Dataset excerpts
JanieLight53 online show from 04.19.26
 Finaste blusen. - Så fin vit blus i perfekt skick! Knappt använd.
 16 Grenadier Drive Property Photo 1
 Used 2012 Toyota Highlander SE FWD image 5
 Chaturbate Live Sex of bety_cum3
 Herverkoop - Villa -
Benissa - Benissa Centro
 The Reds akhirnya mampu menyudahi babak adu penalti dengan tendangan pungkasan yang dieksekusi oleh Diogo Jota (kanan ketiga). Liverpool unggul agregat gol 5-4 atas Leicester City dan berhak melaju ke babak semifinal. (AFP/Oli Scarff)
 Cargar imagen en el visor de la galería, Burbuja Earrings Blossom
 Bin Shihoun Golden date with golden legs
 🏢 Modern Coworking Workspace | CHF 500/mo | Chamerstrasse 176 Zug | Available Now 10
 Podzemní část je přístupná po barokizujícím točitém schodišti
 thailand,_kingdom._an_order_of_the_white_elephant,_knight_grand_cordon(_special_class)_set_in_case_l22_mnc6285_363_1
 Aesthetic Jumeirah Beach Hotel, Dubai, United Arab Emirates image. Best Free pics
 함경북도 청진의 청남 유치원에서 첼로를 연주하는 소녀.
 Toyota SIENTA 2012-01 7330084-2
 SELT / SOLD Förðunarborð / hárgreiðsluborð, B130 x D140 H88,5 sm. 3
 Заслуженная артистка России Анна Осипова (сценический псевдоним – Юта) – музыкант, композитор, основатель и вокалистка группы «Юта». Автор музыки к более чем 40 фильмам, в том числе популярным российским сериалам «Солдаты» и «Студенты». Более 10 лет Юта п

# YOUR GOAL
With the line containing "Benissa - Benissa Centro" as the first and the last line of the data as the final one, copy every line between them exactly, those two included.

# SOLUTION FOR THIS EXERCISE
Benissa - Benissa Centro
 The Reds akhirnya mampu menyudahi babak adu penalti dengan tendangan pungkasan yang dieksekusi oleh Diogo Jota (kanan ketiga). Liverpool unggul agregat gol 5-4 atas Leicester City dan berhak melaju ke babak semifinal. (AFP/Oli Scarff)
 Cargar imagen en el visor de la galería, Burbuja Earrings Blossom
 Bin Shihoun Golden date with golden legs
 🏢 Modern Coworking Workspace | CHF 500/mo | Chamerstrasse 176 Zug | Available Now 10
 Podzemní část je přístupná po barokizujícím točitém schodišti
 thailand,_kingdom._an_order_of_the_white_elephant,_knight_grand_cordon(_special_class)_set_in_case_l22_mnc6285_363_1
 Aesthetic Jumeirah Beach Hotel, Dubai, United Arab Emirates image. Best Free pics
 함경북도 청진의 청남 유치원에서 첼로를 연주하는 소녀.
 Toyota SIENTA 2012-01 7330084-2
 SELT / SOLD Förðunarborð / hárgreiðsluborð, B130 x D140 H88,5 sm. 3
 Заслуженная артистка России Анна Осипова (сценический псевдоним – Юта) – музыкант, композитор, основатель и вокалистка группы «Юта». Автор музыки к более чем 40 фильмам, в том числе популярным российским сериалам «Солдаты» и «Студенты». Более 10 лет Юта п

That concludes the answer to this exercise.